**PROVIDED MATERIAL**.
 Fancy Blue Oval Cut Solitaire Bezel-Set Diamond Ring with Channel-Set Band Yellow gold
* * *
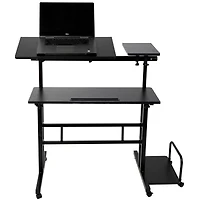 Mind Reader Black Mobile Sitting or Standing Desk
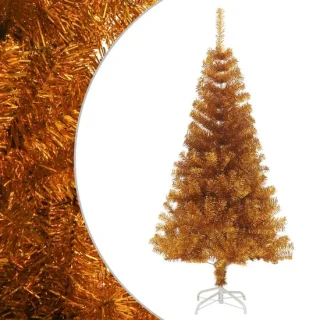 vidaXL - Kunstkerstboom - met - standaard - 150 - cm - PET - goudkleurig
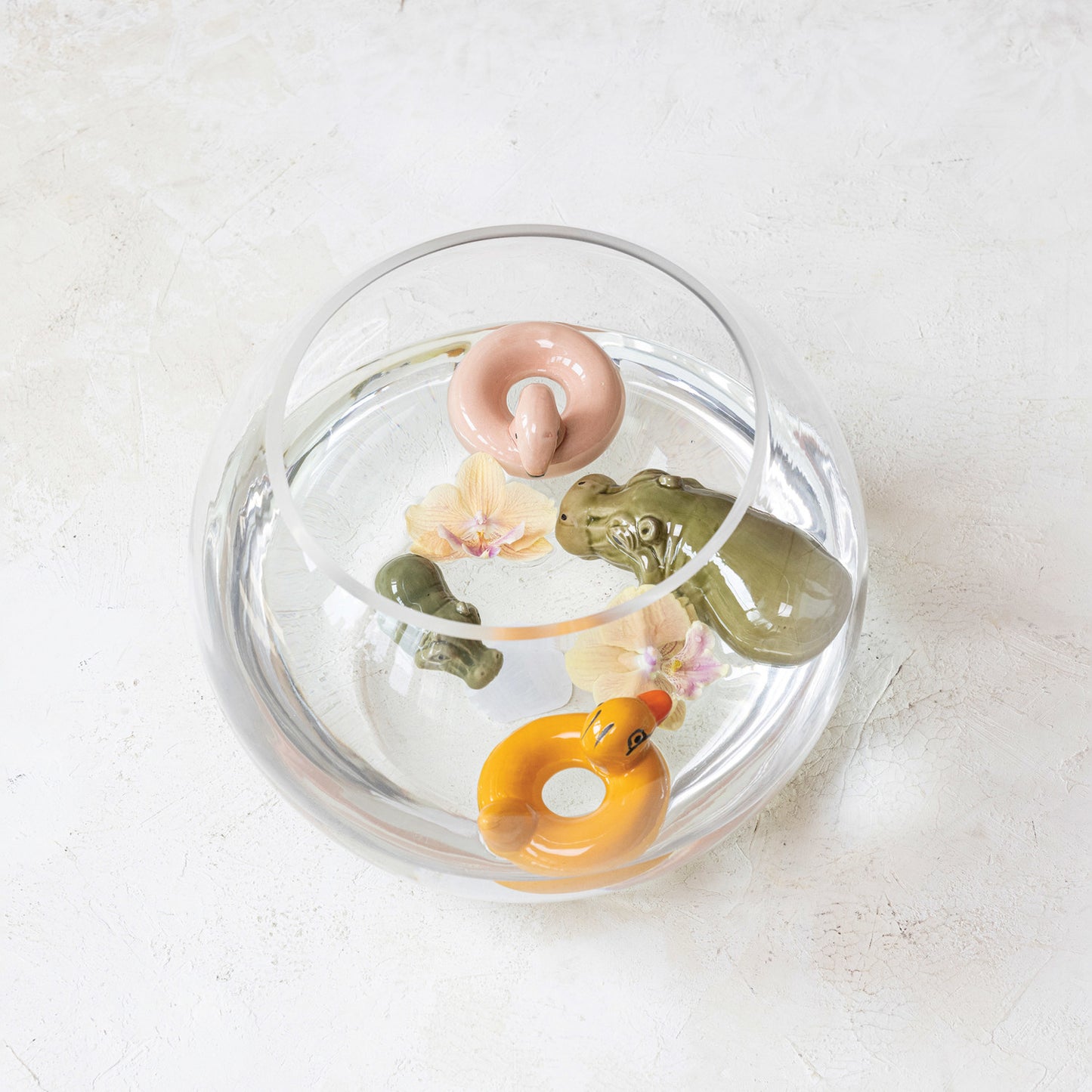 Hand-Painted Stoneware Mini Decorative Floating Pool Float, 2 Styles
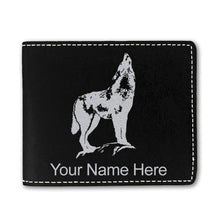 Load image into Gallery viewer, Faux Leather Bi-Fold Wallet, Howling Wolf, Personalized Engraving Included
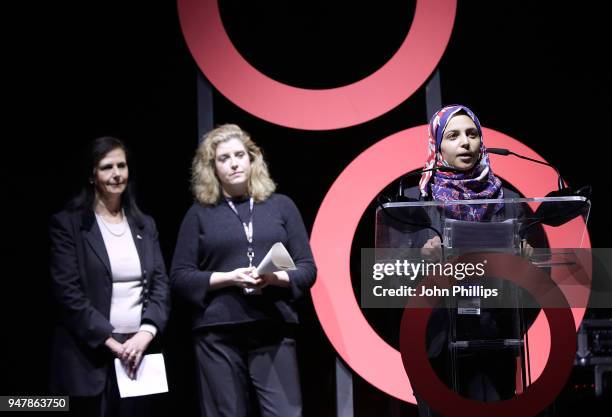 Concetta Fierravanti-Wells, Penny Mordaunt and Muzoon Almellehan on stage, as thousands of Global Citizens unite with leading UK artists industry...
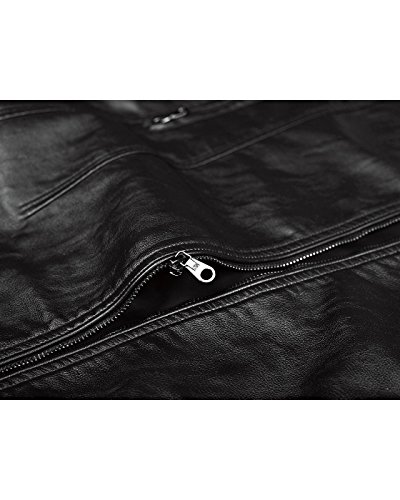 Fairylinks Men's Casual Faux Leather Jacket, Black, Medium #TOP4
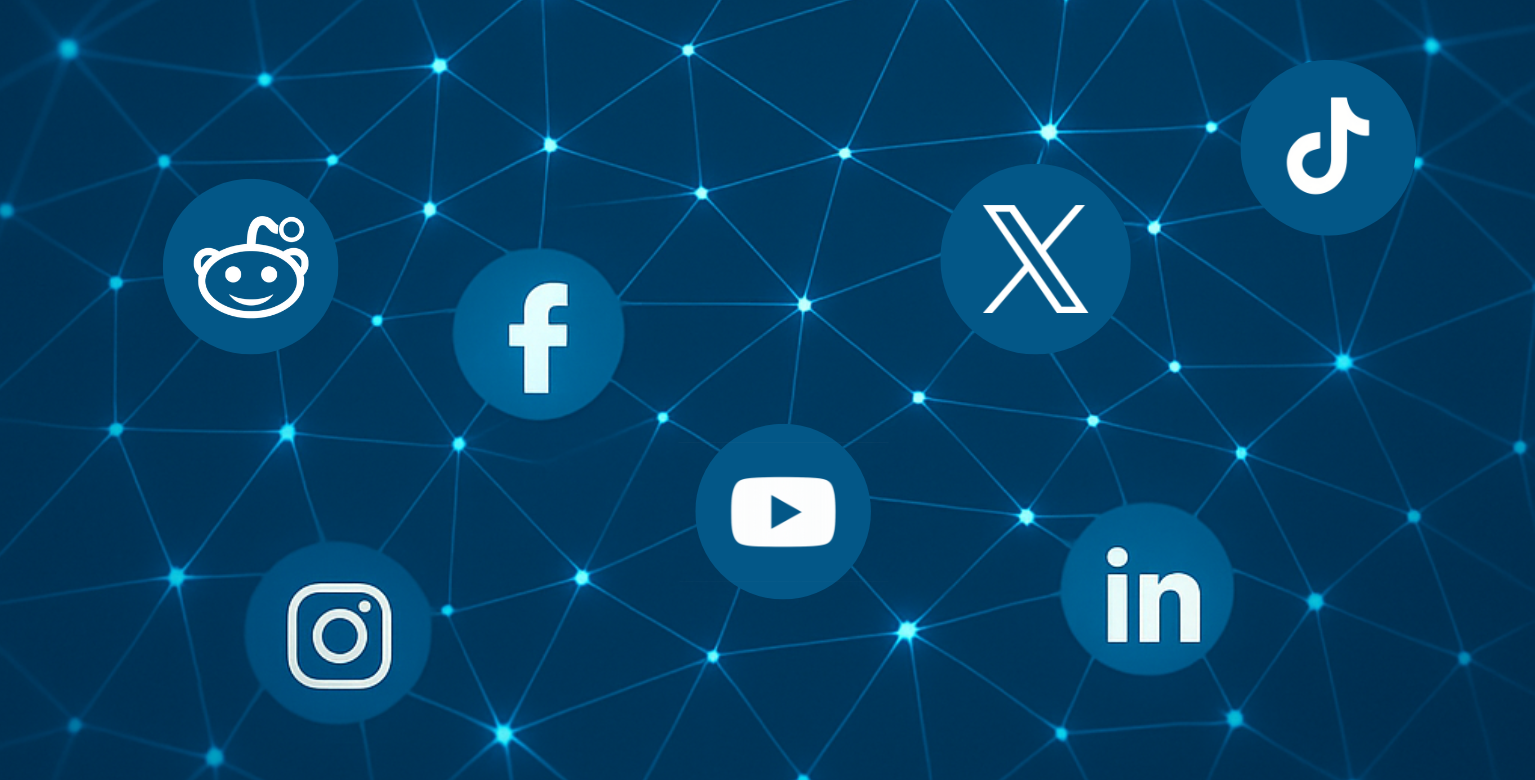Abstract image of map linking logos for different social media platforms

**REQUIRED ACTION**. Please return the material above only from the line that holds "Fairylinks Men's Casual" through the line that holds "Abstract image of", exactly as it stands, ends included and pictures omitted.

**ANSWER TO THIS TASK**.
 Fairylinks Men's Casual Faux Leather Jacket, Black, Medium #TOP4
Abstract image of map linking logos for different social media platforms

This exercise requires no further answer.